Il medesimo messaggio ripeterò con forza in Terrasanta, ove avrò la gioia di recarmi fra qualche settimana.
La difficile ma indispensabile riconciliazione, che è premessa per un futuro di sicurezza comune e di pacifica convivenza, non potrà diventare realtà che grazie agli sforzi rinnovati, perseveranti e sinceri, per la composizione del conflitto israelo-palestinese.
Dalla Terra Santa, poi, lo sguardo si allargherà sui paesi limitrofi, sul Medio Oriente, sul mondo intero.
In un tempo di globale scarsità di cibo, di scompiglio finanziario, di povertà antiche e nuove, di cambiamenti climatici preoccupanti, di violenze e miseria che costringono molti a lasciare la propria terra in cerca di una meno incerta sopravvivenza, di terrorismo sempre minaccioso, di paure crescenti di fronte all’incertezza del domani, è urgente riscoprire prospettive capaci di ridare speranza.
Nessuno si tiri indietro in questa pacifica battaglia iniziata dalla Pasqua di Cristo, il quale – lo ripeto – cerca uomini e donne che lo aiutino ad affermare la sua vittoria con le sue stesse armi, quelle della giustizia e della verità, della misericordia, del perdono e dell’amore.
“Resurrectio Domini, spes nostra!”, la risurrezione di Cristo è la nostra speranza! Questo la Chiesa proclama oggi con gioia: annuncia la speranza, che Dio ha reso salda e invincibile risuscitando Gesù Cristo dai morti; comunica la speranza, che essa porta nel cuore e vuole condividere con tutti, in ogni luogo, specialmente là dove i cristiani soffrono persecuzione a causa della loro fede e del loro impegno per la giustizia e la pace; invoca la speranza capace di suscitare il coraggio del bene anche e soprattutto quando costa.
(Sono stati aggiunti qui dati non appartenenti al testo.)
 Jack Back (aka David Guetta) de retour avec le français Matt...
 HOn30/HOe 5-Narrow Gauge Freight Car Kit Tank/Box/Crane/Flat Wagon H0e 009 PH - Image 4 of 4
Oggi la Chiesa canta “il giorno che ha fatto il Signore” ed invita alla gioia.
Oggi la Chiesa prega, invoca Maria, Stella della Speranza, perché guidi l’umanità verso il porto sicuro della salvezza che è il cuore di Cristo, la Vittima pasquale, l’Agnello che “ha redento il mondo”, l’Innocente che “ha riconciliato noi peccatori col Padre”.
A Lui, Re vittorioso, a Lui crocifisso e risorto, noi gridiamo con gioia il nostro Alleluia!